[[ Working data, beginning ]]

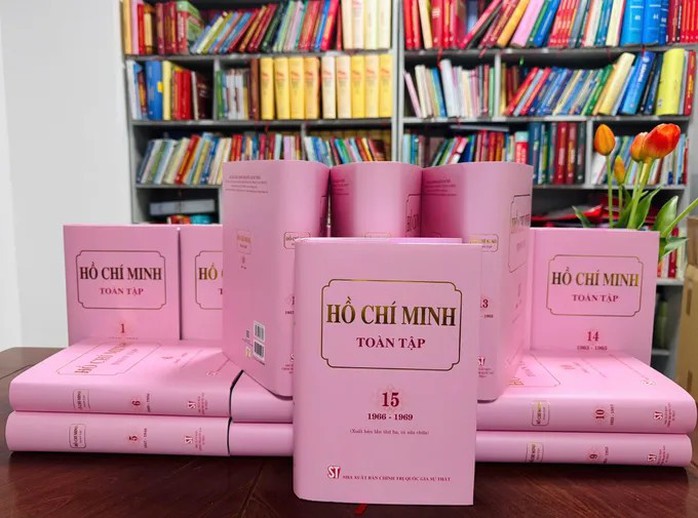 T&aacute;i bản nhiều ấn phẩm đặc biệt về Chủ tịch Hồ Ch&iacute; Minh - Ảnh 1.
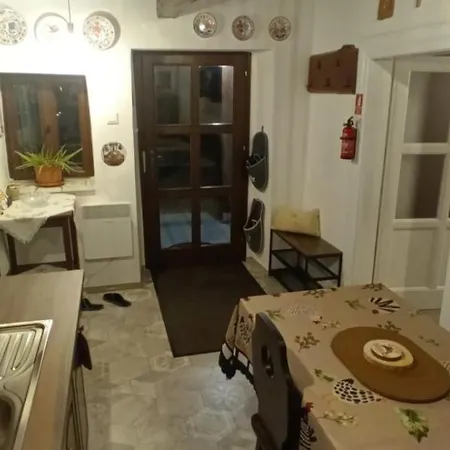 Vandor Kakas Vendeghaz Dezsafuerdovel Tatil Evi *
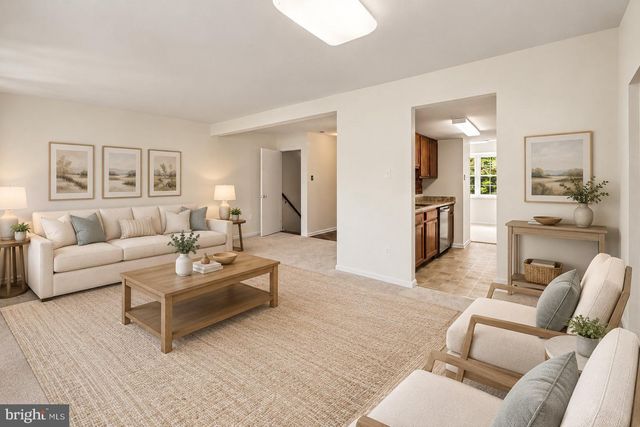 7718 TREVINO LN, Falls Church, VA 22043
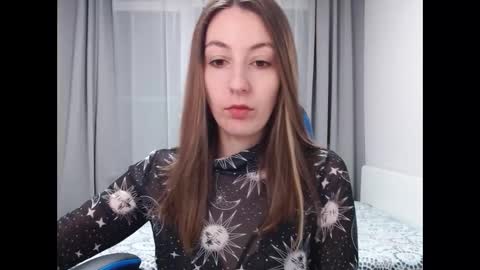 Snapshot of sweetheart_77 chatting on December 8, 8:25 pm Emma online show from December 8, 8:25 pm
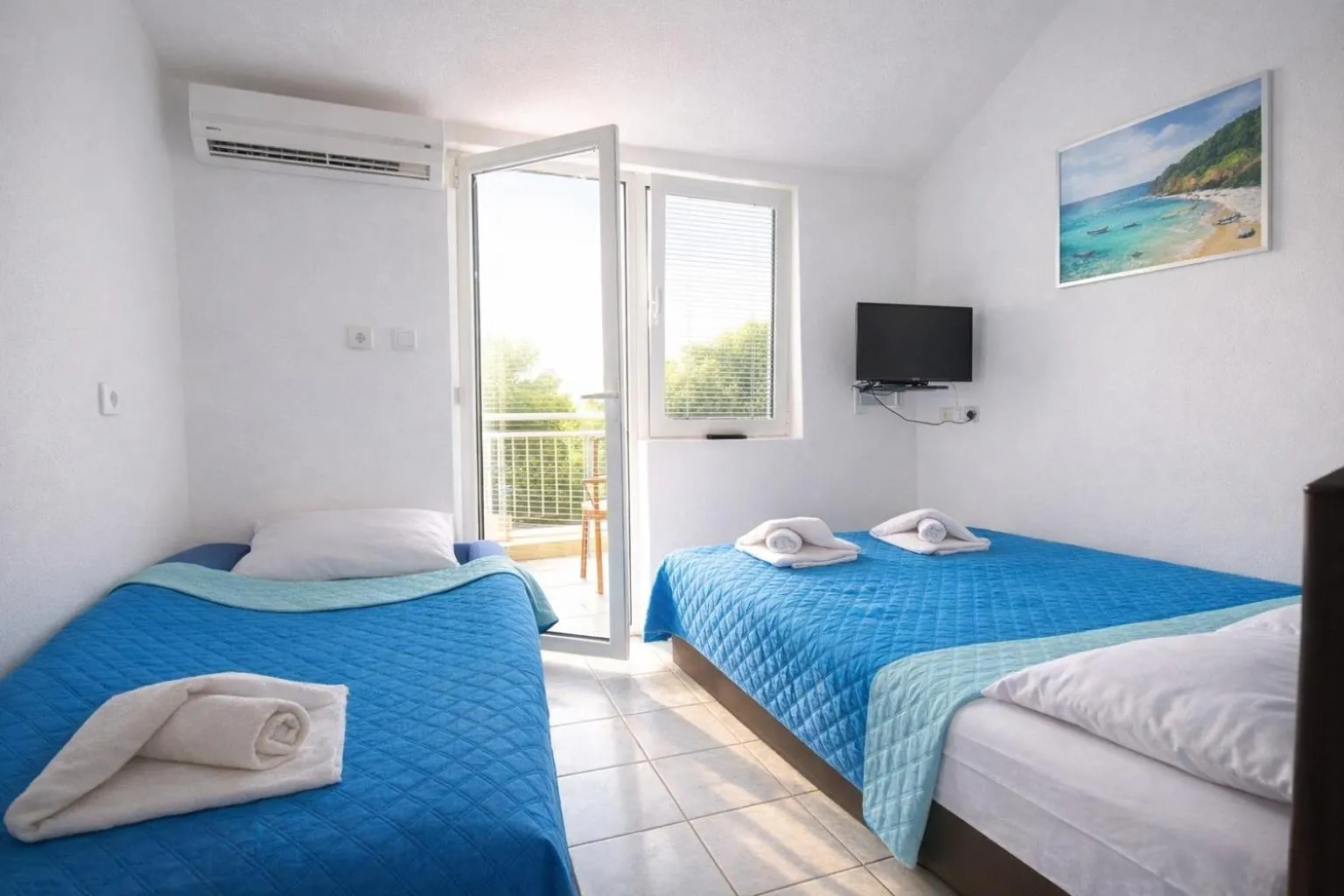 Photo of the whole room, Bed in Villa San Marco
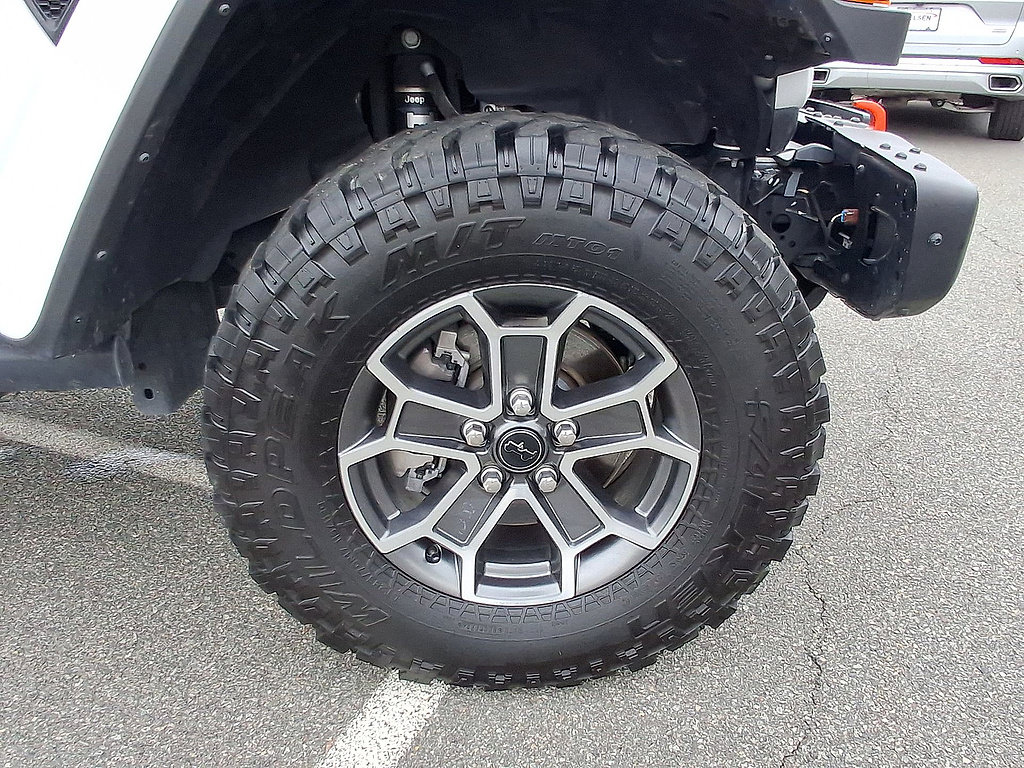 Used 2025 Jeep Gladiator Mojave AWD/4WD image 33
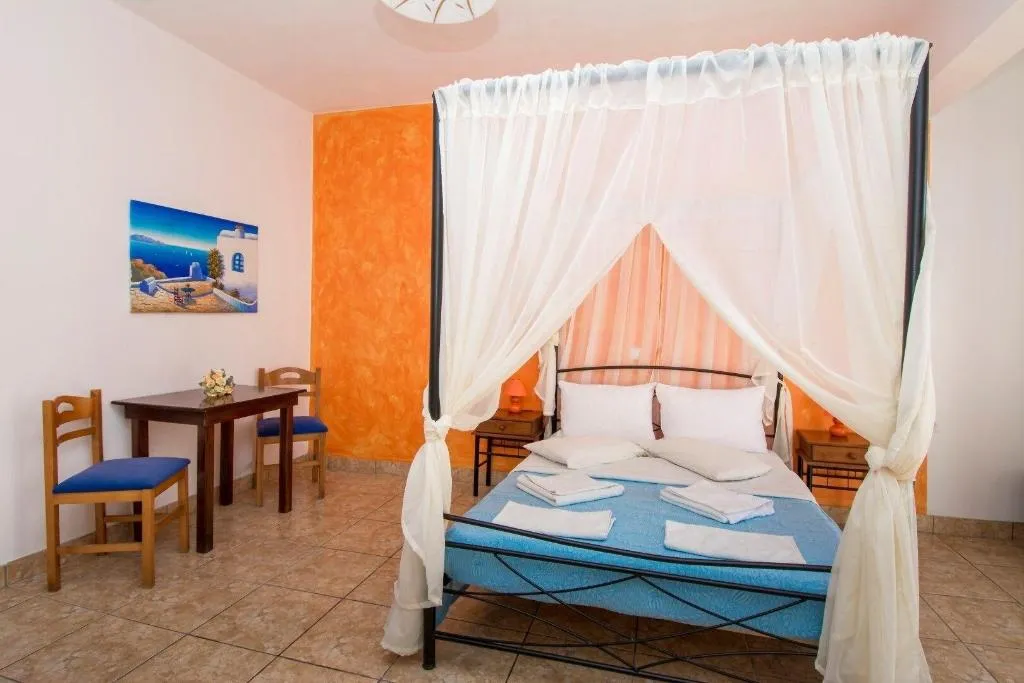 Room, Fira Calm Hotel, Santorini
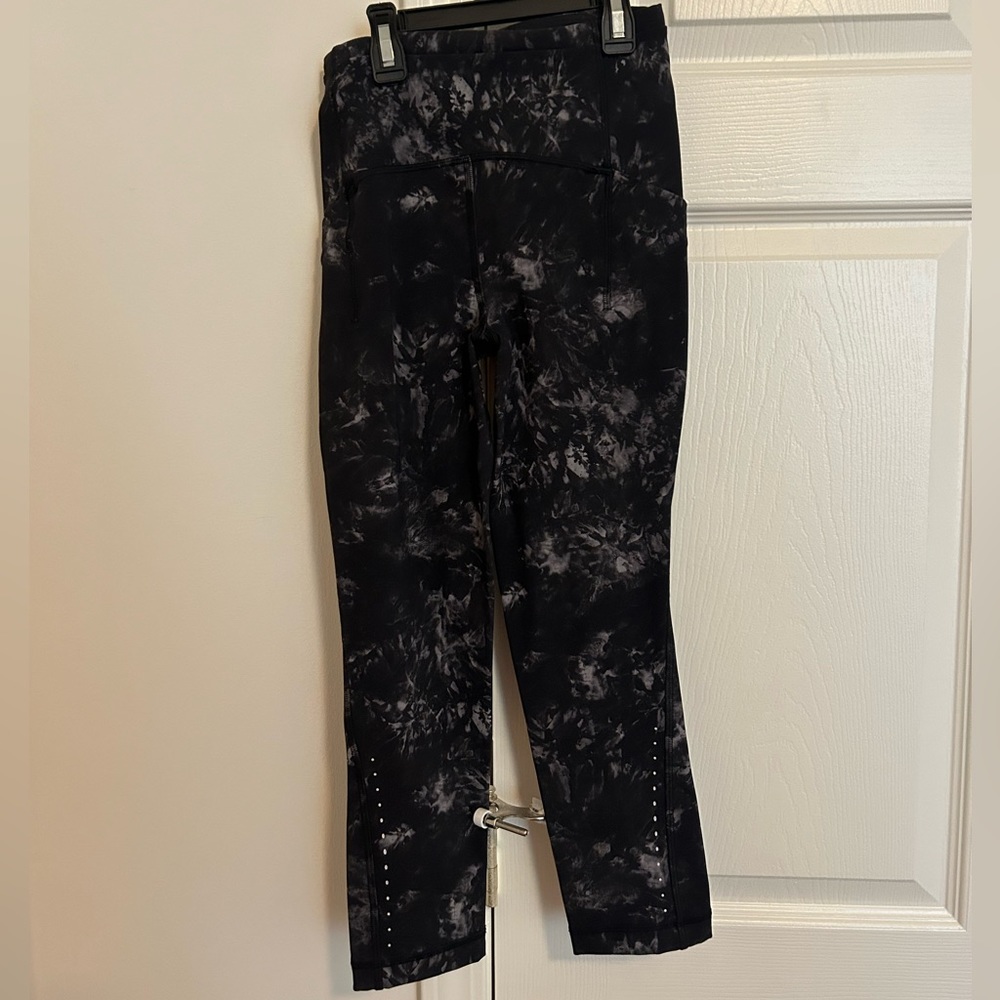LULU leggings! size 2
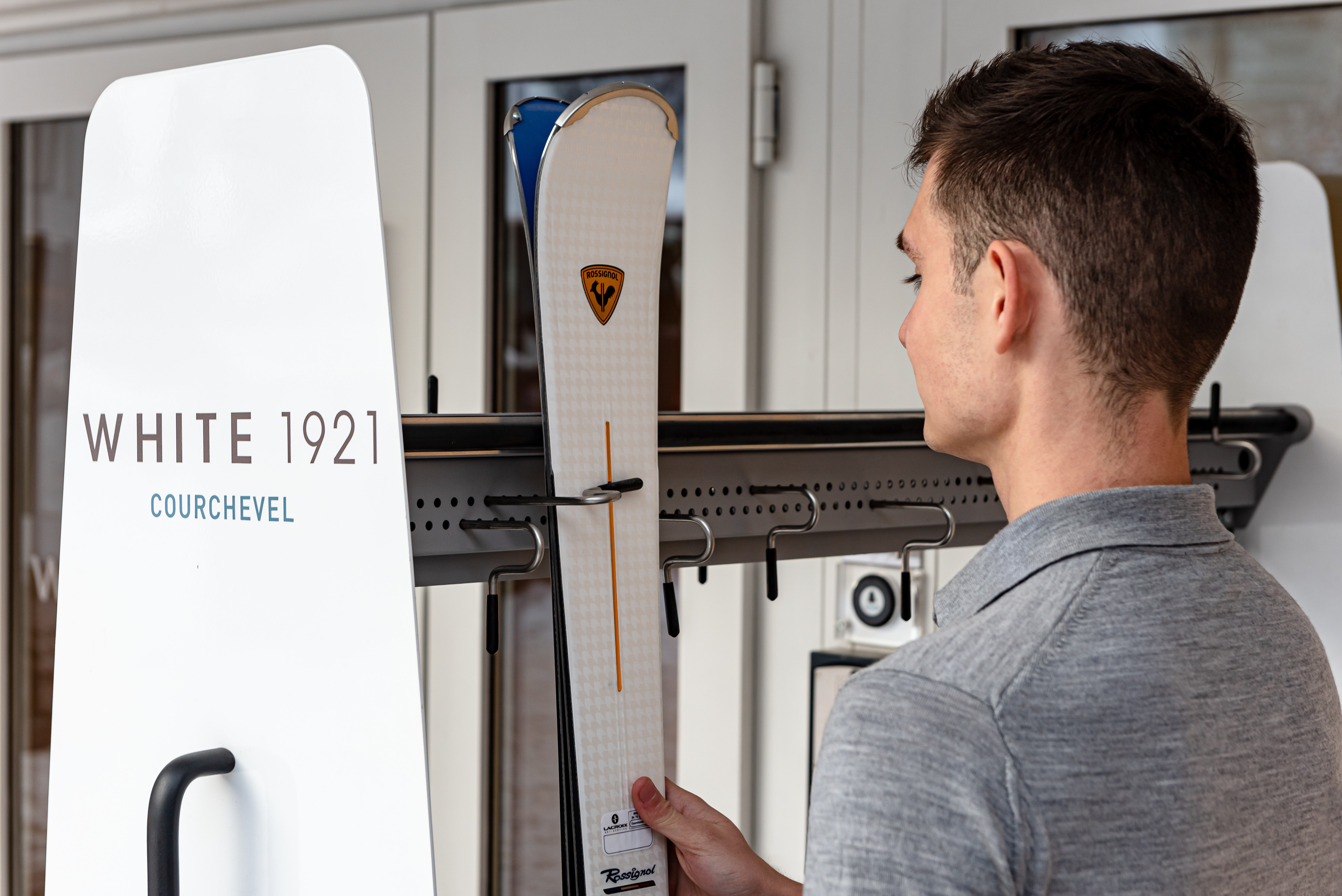 White 1921 Courchevel 24/27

[[ Working data, end ]]

Exactly the lines from the one holding "Snapshot of sweetheart_77" through the last line of the entries, both included, are to be duplicated; leave the pictures out.

 Snapshot of sweetheart_77 chatting on December 8, 8:25 pm Emma online show from December 8, 8:25 pm
 Photo of the whole room, Bed in Villa San Marco
 Used 2025 Jeep Gladiator Mojave AWD/4WD image 33
 Room, Fira Calm Hotel, Santorini
LULU leggings! size 2
 White 1921 Courchevel 24/27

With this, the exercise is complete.